PgConf.Russia 2017 talks

Accelerating queries of set data types with GIN, GiST, and custom indexing extensions

Markus Nullmeier
University of Heidelberg, software developer

Markus Nullmeier has been working in diverse fields such as low-temperature physics and image processing, as well as numerical simulation of combustion, polymerisation, and fluid dynamics. Nowadays, he gets into back-end matters of astronomical databases running on PostgreSQL, working in the context of the International Virtual Observatory Alliance. With respect to PostgreSQL, his main interests are custom data types and their indexing.

Sets are apparently a useful data type for many kinds of applications. While PostgreSQL offers no built-in set data type, sets may be emulated to some degree with its built-in array and JSONB data types. Also, acceleration of respective containment (subset) queries is readily available as a built-in feature of the GIN index type.

Starting with the above, we will then explore the performance gains enabled by custom set data types, and especially by customisation code in C ("operator classes") for the GIN and GiST index types.

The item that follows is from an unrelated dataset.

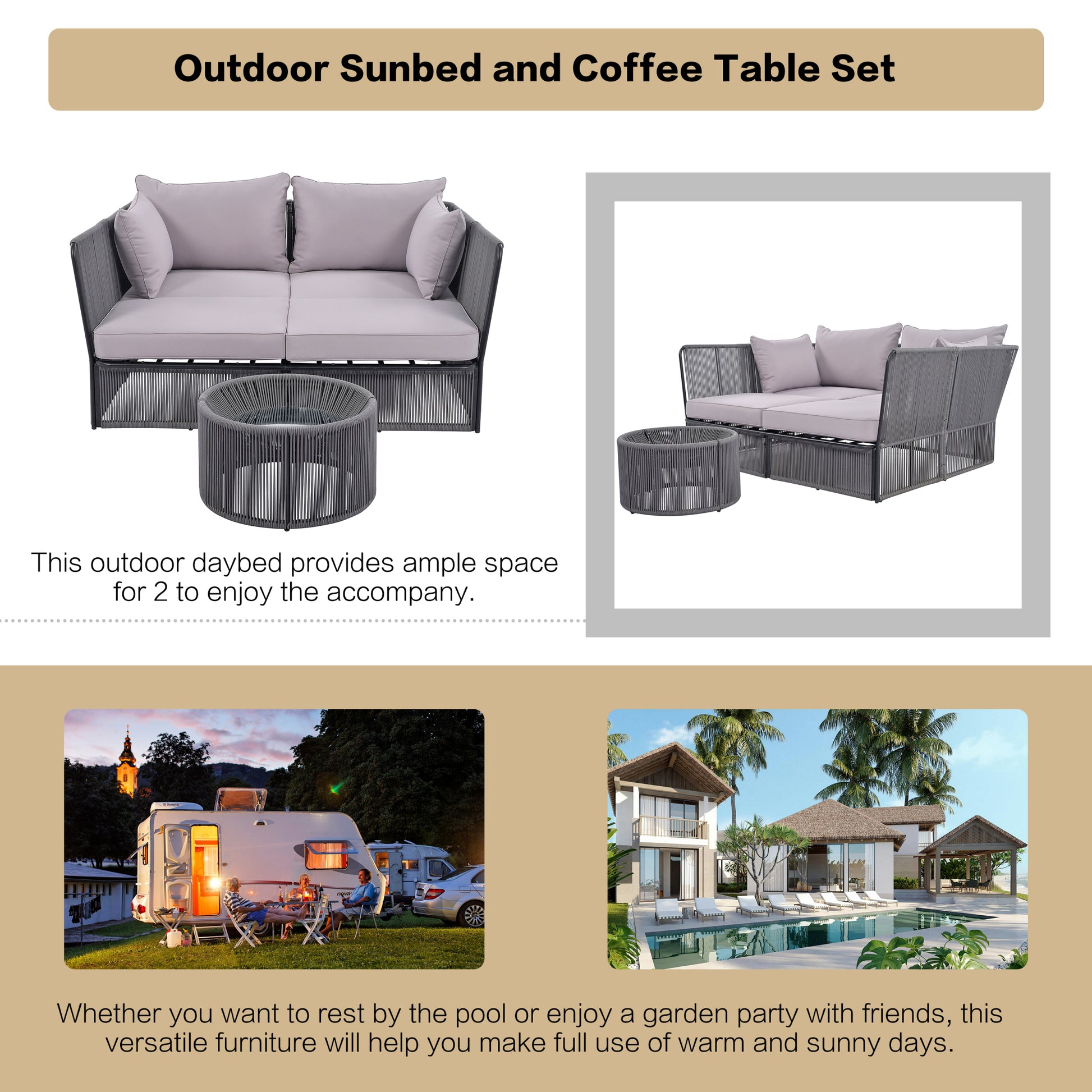 2 Piece Outdoor Sunbed And Coffee Table Set, Patio Double Chaise Lounger Loveseat Daybed With Clear Tempered Glass Table For The Patio, Poolside Grey Cushion Dark Grey Rope Grey Woven Rope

Then, we will introduce a specialised set data type implementation, where subsequent integers are compressed via run-length encoding, being motivated by spatial tessellations used in astronomy. There, neither GIN nor GiST as such may be used for efficient indexing. However, since PostgreSQL 9.6, it is possible to write your own full-featured index types, which may be plugged into the system as a regular PostgreSQL extension.

One such extension is RUM from Postgres Professional -- an improved implementation of GIN. We will present our modifications to RUM, called "OUZO", where the handling of the key (i. e., set element) data type allows for run-length encoding. This enables useful indexing of the above compressed-set data type. We will also discuss the property of GIN, RUM, and OUZO (for the time being) that key items are never deleted, in view of its performance implications for OUZO.